As of 2008 [update], the printed Code of Virginia consists of twenty-nine hardcover volumes, with a two-volume subject matter index that is replaced annually. The statutes are fully annotated by Virginia attorneys, and include cites to and summaries of Virginia state and federal court decisions as well as law reviews. The first volume of the Code of Virginia also prints the Virginia Constitution and the Constitution of the United States.
The government of Virginia claims copyright over the Code, including the text of statutes.  Individual preparers, however, may obtain rights over case annotations, indices, and various notes concerning sections and reference tables they have written.
Originally created in 1946 as the Commission on Code Recodification to prepare what became the Code of 1950, the Virginia Code Commission was made a permanent part of the state's legislative branch and given the responsibility for publishing and maintaining the code.  It also has responsibility for publishing the Virginia Administrative Code and Rules of Evidence, as well as Virginia State Bar advisory opinions and Virginia compacts, which it may incorporate into the code. Though the Commission may arrange for the code to be published directly by and at the expense of the Commonwealth of Virginia, since 1950 it has contracted the task of printing the code out to the Michie Company.
The Commission is composed of ten members, chosen by statute  from the following:
- Two present members of the Virginia Senate, by the appointment of the Senate Committee on Rules for the length of their elected term
- Two present members of the Virginia House of Delegates appointed by the Speaker of the House for the length of their elected term
- Two former or present Virginia Circuit Court judges, appointed by the governor for four-year terms
- One former member of the Senate, appointed by the Senate Committee on Rules to a four-year term
- One former member of the House of Delegates, appointed by the Speaker to a four-year term
- The Virginia Attorney General (or an assistant Attorney General by his designation)
- The Virginia Director of the Division of Legislative Services
The Commission has full discretion to publish the code with or without annotations, "to fix the number of volumes; and to decide all questions of form, makeup and arrangement, including title pages, prefaces, annotations, indices, tables of contents and reference, appendices, paper, type, binding and lettering." 
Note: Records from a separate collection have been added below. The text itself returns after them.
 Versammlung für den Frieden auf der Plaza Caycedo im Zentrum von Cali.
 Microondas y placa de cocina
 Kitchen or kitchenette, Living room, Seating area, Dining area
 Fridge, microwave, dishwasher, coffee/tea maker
It also has the independent authority to make minor changes to the code without ratification by the General Assembly.  Such changes include correcting "unmistakable printer's errors," misspellings, and erroneous cross-references, and updating obsolete references to renamed code titles, governmental officers and agencies. It may also omit provisions "which, in the judgment of the Commission, are inappropriate in a code, such as emergency clauses, clauses providing for specific nonrecurring appropriations and general repealing clauses."
The Virginia Code Commission is required to update the printed Code of Virginia at the end of each regular session of the General Assembly prior to the date new statutes and amendments become effective.  "Pocket part" supplements— stapled paper updates literally stuck in a cover pocket of the hardcover volumes—are printed annually. The pocket parts were originally issued biennially, and then annually once the General Assembly began meeting every year in 1970. Volumes are also periodically recompiled and reissued, which has occurred over a hundred times; each of the original volumes of the Code of 1950 has been split at least once into separate parts.
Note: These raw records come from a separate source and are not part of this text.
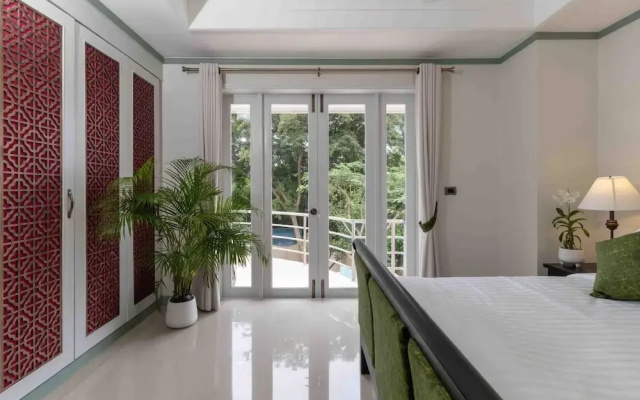 4Bed PoolVillaSteps from the Beach KBR34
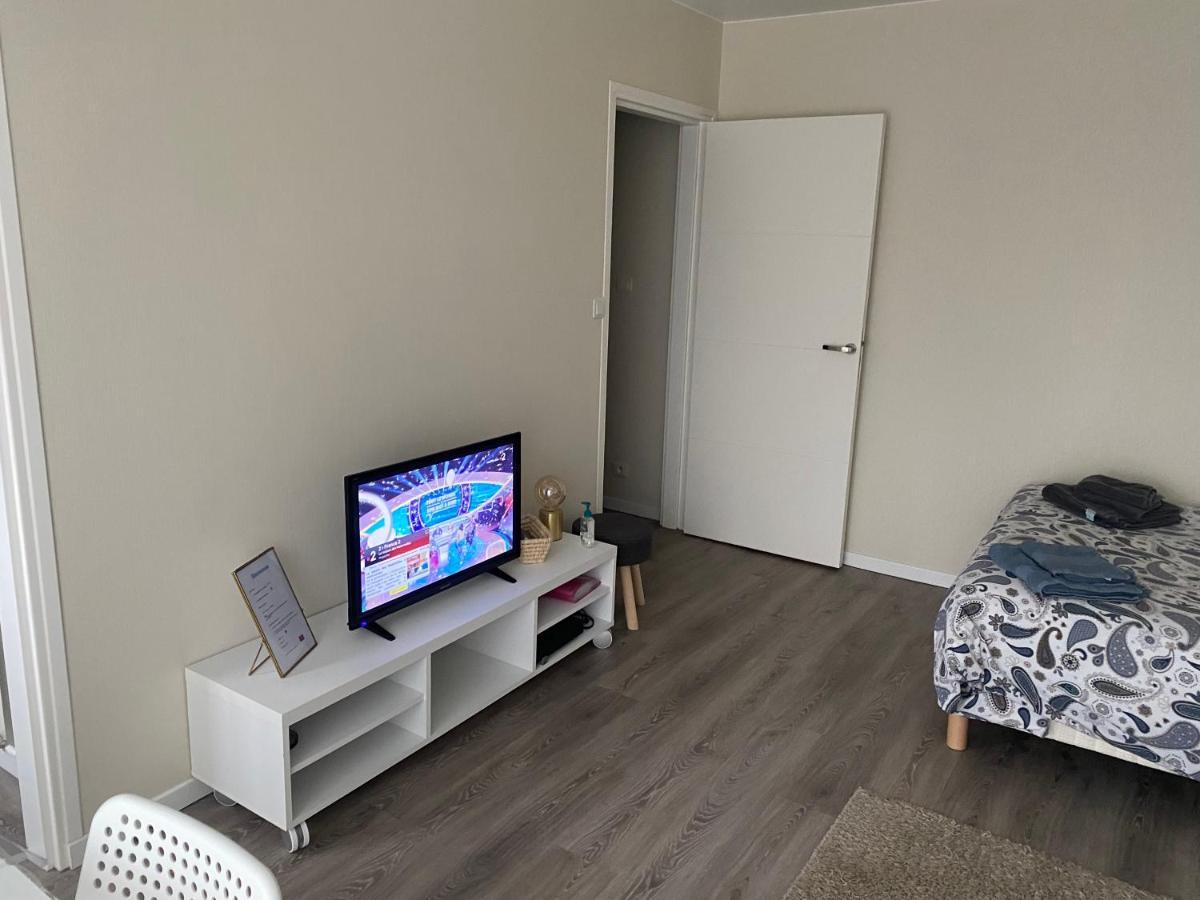 Appartement Parc De Fresnoy Roye  Ngoại thất bức ảnh
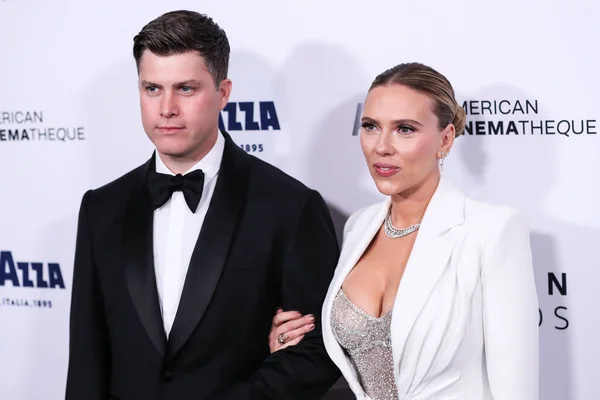 Actrice Scarlett Johansson Portant Versace Mari Comédien Colin Jost Arrivent — Photo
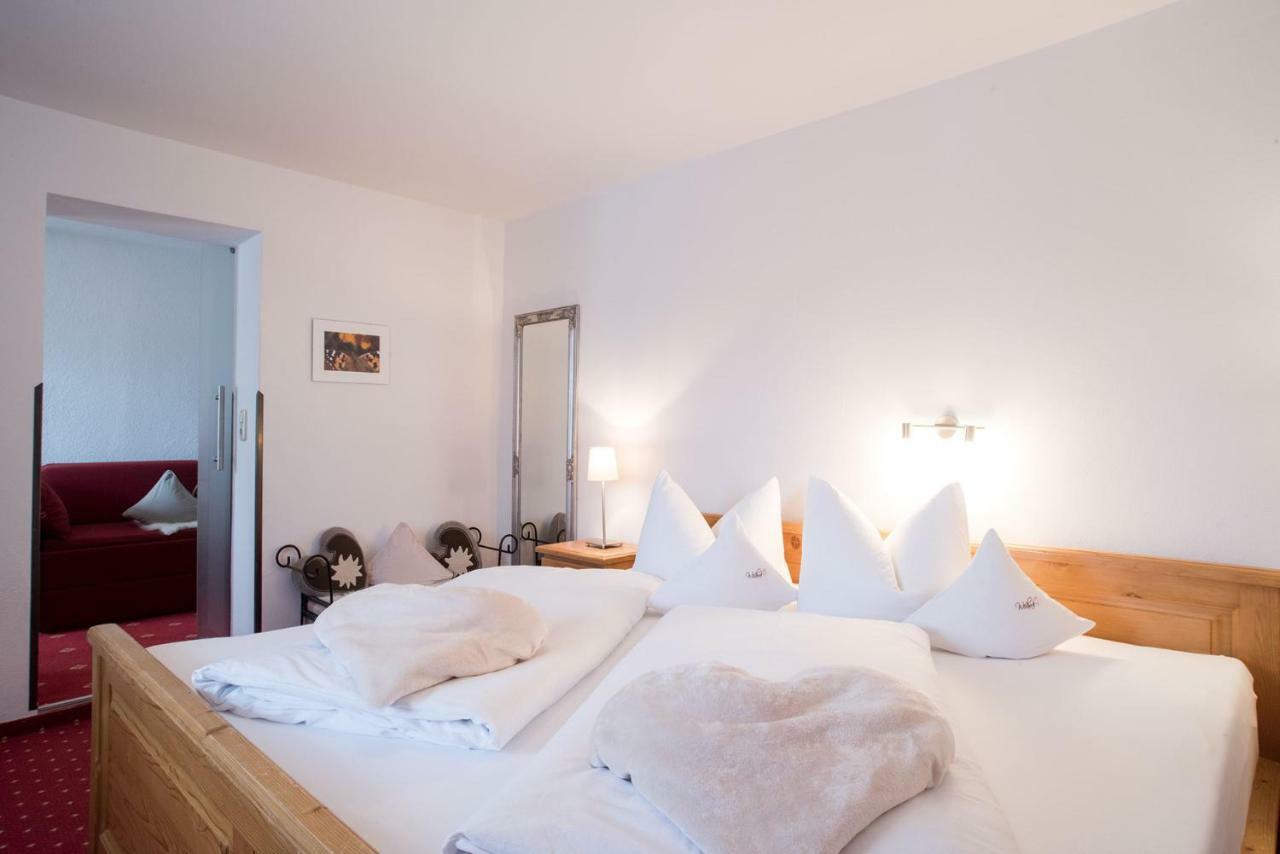 Gaestehaus Wildbach Mittelberg Esterno foto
Since 1953, the General Assembly has revised the code on a title-by-title basis rather than enacting entirely new revisions of the code as it had in the past. The Commission has the responsibility for drafting title revision and recodification bills. More than 50 titles have been repealed and replaced by successor titles, and nine of those have been replaced a second time.
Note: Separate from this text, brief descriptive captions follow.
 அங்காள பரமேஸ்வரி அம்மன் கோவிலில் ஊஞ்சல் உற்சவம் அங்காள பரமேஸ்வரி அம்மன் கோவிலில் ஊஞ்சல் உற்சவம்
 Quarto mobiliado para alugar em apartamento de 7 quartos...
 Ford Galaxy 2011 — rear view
For example, the General Assembly repealed Title 63.1 in 2002 and replaced it with Title 63.2.  While the name (Welfare (Social Services)) remained the same, many of the chapters were modified. The Virginia Code Commission undertook the recodification of Title 63.1 in 2000 noting that such title had last been recodified in 1968 and during the intervening 34 years, "much has happened to affect laws governing social services programs and the two disability programs". The Commission rewrote and combined sections "to clarify provisions and to eliminate archaic, obsolete or redundant language" and made some substantive changes to "reflect current practices, delete eliminated programs, or conform provisions to other statutes and regulations". 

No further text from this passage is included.